”Dunia Persilatan” Merdeka Belajar Local
Kebijakan Merdeka Belajar berpotensi menciptakan kekerasan struktural, yaitu pada sekolah-sekolah dan kampus-kampus yang tidak mampu mengikuti balapan kebijakan Merdeka Belajar.

Ilustrasi
Tak menunggu waktu lama bagi Mas Menteri Pendidikan, Kebudayaan, Riset, dan Teknologi untuk terus menggulirkan kebijakan Merdeka Belajar yang digagasnya. Sejak diluncurkan pada akhir tahun 2019, beragam gebrakan telah dilakukan. Keseluruhan kebijakan Merdeka Belajar itu kini telah mencapai episode ke-20, yaitu Praktisi Mengajar.
Kebijakan Merdeka Belajar itu memang semacam dorongan atas mandeknya pengelolaan pendidikan selama ini. Dengan kebijakan Merdeka Belajar, institusi pendidikan dan peserta didik, baik mahasiswa maupun pelajar, mendapatkan semacam ”percikan” untuk bergerak. Dan, itu menjadi stimulan yang mencengangkan.
Bayangkan, saat ini mahasiswa dapat kuliah sampai satu semester di luar program studinya. Bahkan, dapat menempuh belajar di luar negeri tanpa takut kehilangan waktu menyelesaikan studi karena kegiatan tersebut akan dikonversi menjadi nilai akhir.
Baca juga : Merdeka Belajar Kampus Merdeka dan Roh ”Universitas”
Demikian juga di tingkat sekolah, guru dan sekolah bergerak lebih leluasa. Dana Bantuan Operasional Sekolah (BOS) dikirimkan langsung ke sekolah, guru diminta menjadi pionir keteladanan, SMK dijadikan pusat keunggulan, dan saat ini sekolah hanya mengirimkan laporan dalam bentuk rapor.
Semua lini pendidikan dijadikan area perubahan. Target Merdeka Belajar memang mencoba menciptakan suasana yang lebih hidup di semua jenjang pendidikan agar konsumen utama pendidikan, yaitu siswa dan mahasiswa, dapat menjadi lulusan yang kompeten, diserap pasar, sigap, dan kreatif, tetapi tetap berkarakter Indonesia.
Saya berjumpa dengan beberapa mahasiswa saya. Mereka berkata ingin belajar di kampus-kampus lain di luar provinsi. Selain ingin mendapatkan teman baru, mereka ingin mendapatkan pengalaman dengan berinteraksi dengan mahasiswa lain. Tentu sembari melihat tempat-tempat lain yang tidak pernah dijalaninya.
Merdeka Belajar menciptakan motivasi yang mendorong mahasiswa dan juga dosen untuk memimpikan sesuatu yang baru, pada level praktis, yang tidak bisa dibayangkan sebelumnya.
Ya, Merdeka Belajar menciptakan motivasi yang mendorong mahasiswa dan juga dosen untuk memimpikan sesuatu yang baru, pada level praktis, yang tidak bisa dibayangkan sebelumnya. Ambil contoh episode ke-20 Merdeka Belajar yang menyentuh dunia pendidikan tinggi, kini berpeluang diwarnai oleh para praktisi. Meski mereka bukan dosen ber-NIDN (Nomor Induk Dosen Nasional) atau ber-NIDK (Nomor Induk Dosen Khusus), Merdeka Belajar memberikan ruang baru kepada mereka yang mungkin jauh lebih berpengalaman soal dunia nyata.

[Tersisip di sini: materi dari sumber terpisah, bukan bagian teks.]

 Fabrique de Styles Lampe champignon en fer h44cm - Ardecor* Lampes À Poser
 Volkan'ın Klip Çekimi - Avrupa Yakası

Dengan demikian, perlahan-lahan ada gairah yang muncul untuk menggunakan kesempatan Merdeka Belajar ini pada semua level. Jujur kita akui, saat ini semua lembaga pendidikan dipaksa berlari karena pemerintah menyediakan stimulan pendanaan yang tidak sedikit. Mau maju, maka harus ikut berkompetisi. Dan, mereka yang bergerak lamban, hanya jadi penonton.
Begitulah wajah pengelolaan pendidikan kita, coba dimerdekakan mulai dari dalam institusinya. Untuk melakukannya, Mas Menteri tidak perlu repot untuk mendisain aturan baru. Seluruh pijakan kebijakan Merdeka Belajar sebenarnya hanyalah implementasi dari undang-undang atau peraturan yang sebelumnya telah ada. Mas Menteri hanya tinggal tancap gas belaka.
Baca juga: Belajar Merdeka Melalui Merdeka Belajar
ABS
Namun harus diakui jika Mas Menteri perlu mendorong kebijakan Merdeka Belajar ini dengan menciptakan suasana yang jujur atas pelaksanaan kebijakan tersebut. Sudah lama ada idiom di negeri ini yang dinyatakan dengan istilah, “Asal Bapak Senang” (ABS). Artinya, laporan pelaksanaan kegiatan Merdeka Belajar seolah bagus-bagus saja, tetapi sesungguhnya banyak penyimpangan di dalam pelaksanaannya.
Saya bertanya kepada seorang guru SMK di sebuah provinsi di Kalimantan mengenai implementasi pelaksanaan Merdeka Belajar ini. Ia dengan jujur berkata bahwa “pemerintah tidak tahu apa yang sesungguhnya terjadi pada dunia persilatan di tingkat bawah”. Dunia persilatan, adalah ungkapan sinisme yang menunjukkan ruang-ruang gelap nan penuh sandiwara yang telah lama dipraktikkan selama ini.
Laporan pelaksanaan kegiatan Merdeka Belajar seolah bagus-bagus saja, tetapi sesungguhnya banyak penyimpangan di dalam pelaksanaannya.
Ia menjelaskan bahwa teori Merdeka Belajar hanya bagus di atas kertas. Untuk menilai Kompetensi Dasar (KD), mereka sama sekali tidak pernah melakukan penilaian yang berbeda-beda untuk setiap siswa sebagaimana diharapkan dalam kurikulum Merdeka Belajar.
Jika itu dilaksanakan, jelas sangat menyibukkan karena mereka kekurangan sumber daya manusia (SDM) apalagi sekolah di wilayah pedalaman. Alhasil, mereka bahkan sama sekali tidak mengejar KD yang tidak tercapai, meski pada akhirnya diujian-akhirkan baru-baru ini. Laporan penilaian? Ya itulah laporan ABS tadi. Pemerintah tahunya semua beres di lapangan.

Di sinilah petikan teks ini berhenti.